■ How to complete this task
From the first line onward, reproduce the records exactly; the final line to include is the one holding "Personalised Quote Print, Custom".

(Data extracted from a collection)

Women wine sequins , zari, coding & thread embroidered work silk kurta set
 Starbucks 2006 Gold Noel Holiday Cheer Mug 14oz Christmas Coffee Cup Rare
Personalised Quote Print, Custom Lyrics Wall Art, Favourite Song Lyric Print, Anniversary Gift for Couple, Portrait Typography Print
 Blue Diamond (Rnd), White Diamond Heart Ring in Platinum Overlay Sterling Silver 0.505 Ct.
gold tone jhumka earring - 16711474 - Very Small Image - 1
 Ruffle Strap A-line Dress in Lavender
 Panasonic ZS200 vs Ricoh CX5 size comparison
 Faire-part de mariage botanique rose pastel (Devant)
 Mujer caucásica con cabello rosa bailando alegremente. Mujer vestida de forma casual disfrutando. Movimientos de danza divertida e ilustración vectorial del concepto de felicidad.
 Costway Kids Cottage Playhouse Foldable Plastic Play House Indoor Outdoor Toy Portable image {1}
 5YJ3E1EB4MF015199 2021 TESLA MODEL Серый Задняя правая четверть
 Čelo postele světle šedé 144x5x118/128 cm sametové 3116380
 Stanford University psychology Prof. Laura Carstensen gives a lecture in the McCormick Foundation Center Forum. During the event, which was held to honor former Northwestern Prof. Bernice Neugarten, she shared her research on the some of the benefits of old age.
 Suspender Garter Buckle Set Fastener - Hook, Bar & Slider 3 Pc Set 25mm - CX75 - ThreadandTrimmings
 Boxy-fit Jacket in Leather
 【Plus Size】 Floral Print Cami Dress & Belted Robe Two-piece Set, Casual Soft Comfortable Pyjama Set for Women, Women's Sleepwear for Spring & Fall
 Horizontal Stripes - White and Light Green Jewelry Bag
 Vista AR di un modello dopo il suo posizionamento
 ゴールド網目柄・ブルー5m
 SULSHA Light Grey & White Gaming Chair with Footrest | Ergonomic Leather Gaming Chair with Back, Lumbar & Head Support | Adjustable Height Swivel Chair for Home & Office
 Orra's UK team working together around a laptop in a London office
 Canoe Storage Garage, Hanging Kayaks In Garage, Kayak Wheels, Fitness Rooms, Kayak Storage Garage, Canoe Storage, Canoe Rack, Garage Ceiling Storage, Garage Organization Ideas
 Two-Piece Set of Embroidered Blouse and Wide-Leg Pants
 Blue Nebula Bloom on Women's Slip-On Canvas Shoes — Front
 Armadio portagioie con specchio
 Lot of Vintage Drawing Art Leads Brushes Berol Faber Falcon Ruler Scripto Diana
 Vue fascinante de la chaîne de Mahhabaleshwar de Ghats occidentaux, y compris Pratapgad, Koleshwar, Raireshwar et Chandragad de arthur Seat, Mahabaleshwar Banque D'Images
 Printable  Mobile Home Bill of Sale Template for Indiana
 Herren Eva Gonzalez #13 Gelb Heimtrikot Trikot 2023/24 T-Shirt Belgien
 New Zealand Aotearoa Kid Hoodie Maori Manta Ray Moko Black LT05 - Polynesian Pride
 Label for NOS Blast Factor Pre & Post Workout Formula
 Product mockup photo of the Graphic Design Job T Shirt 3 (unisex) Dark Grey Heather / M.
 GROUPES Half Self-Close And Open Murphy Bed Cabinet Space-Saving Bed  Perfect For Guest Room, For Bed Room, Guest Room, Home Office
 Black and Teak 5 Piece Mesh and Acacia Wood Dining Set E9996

■ Your solution
Women wine sequins , zari, coding & thread embroidered work silk kurta set
 Starbucks 2006 Gold Noel Holiday Cheer Mug 14oz Christmas Coffee Cup Rare
Personalised Quote Print, Custom Lyrics Wall Art, Favourite Song Lyric Print, Anniversary Gift for Couple, Portrait Typography Print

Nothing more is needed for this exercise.